Ten ways to pay the bills after you retire
But those of us who will retire next aren't going to be so lucky. U.S. News and World Report lists the 10 largest sources of retirement income with the troubled Social Security program at the top of the list with 34% of soon-to-be retirees planning for it to be their major source of income.
- Besides Social Security, the other major sources of revenue that U.S News lists are:
- 401(k), IRA, Keogh. About 45% of Americans believe these accounts will be a significant contributor to their retirement income.
- Pensions. Only 23% of current workers expect to receive retirement pensions.
- Stocks and stock mutual funds. After the Great Recession, only 20% of current workers think they'll be investing in stocks during retirement. Just 14 percent of current retirees are invested in stocks.
- Savings accounts and CD. Nearly 22% of current workers think these conservatively invested accounts will augment other revenue in retirement.
- Home equity. 20% – down from 30% before the real estate meltdown - believe they can live off the value of their homes.
- Part-time work. Some 18% of employees think they will work part time in retirement, up from 10% in 2001. Is this realistic when only 4% of retirees currently work part time?
- Inheritance. About 9% of current workers expect to inherit a significant amount of money when loved ones pass on, but only 3% of current retirees said they actually have benefited from such largess.
- Annuities or insurance. Annuities insure that you'll get a payment as long as you live. Some 8% of both current workers and retirees say annuity payments or insurance plans are a big part of their retirement income strategy.
- Rent and royalties. About 6% of both current retirees and workers own rental property or get regular payments from patents, trademarks or copyrights – potentially, a very good thing.
The first difficulty is calculating how long you'll need income, assuming that once you are below ground, your expenses will drop. Play insurer Northwestern Mutual's Longevity Game to estimate how long you'll be around.
The second problem is just figuring out how much things will cost in another 20 or 30 years. Inflation has been in the 2% to 4% range for the last 30 years. While an annual inflation rate of 3% may not seem huge, over 10 years, it could raise the cost of a $20,000 car to $26,878.

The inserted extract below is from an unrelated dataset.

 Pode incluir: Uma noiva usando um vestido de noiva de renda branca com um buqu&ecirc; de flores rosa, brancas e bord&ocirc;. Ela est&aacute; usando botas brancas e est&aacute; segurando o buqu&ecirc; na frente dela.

Given average inflation and a long life, research from ScotTrade Adviser Services makes these savings recommendations. You could take them with a grain of salt because these advisers make their money investing other people's money. But their estimates are a startling starting point, especially for anyone who won't have a pension and who isn't sure Social Security will be around by the time they retire.
Generation Y (ages 18 – 26): The recommended goals are the greatest for Generation Y. More than three-quarters (77%) of retirement income advisers suggest a goal of at least $2 million, and more than 40% believe that Generation Y should be targeting more than $3 million in retirement funds.

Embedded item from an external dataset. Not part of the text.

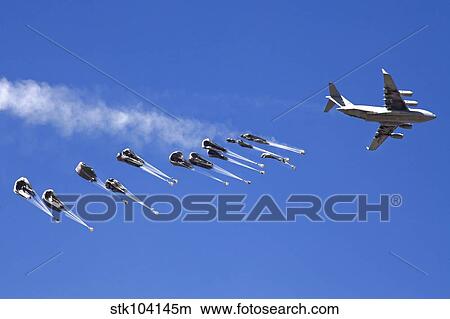Picture - A C-17 Globemaster ejects a supply load of pallets during Operation Koranai Permakhtag.. Fotosearch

Generation X (ages 27 – 42): About half of retirement income advisers (46%) believe Generation X should save between $2 and $3 million. 22% suggest a goal of more than $3 million.
Boomers (ages 43 – 64): About 35% of retirement income advisers think Boomers need between $2 million and $3 million to retire, and 13 percent believe Boomers need more than $3 million. 30% recommend a retirement goal between $1.5 million and $2 million.
Seniors (ages 65+): 44% of retirement income advisers say $500,000 to $1.5 million is sufficient for average seniors.
Scary? You bet. When I see numbers like this, I start reusing aluminum foil and saving string – at least for an hour or two.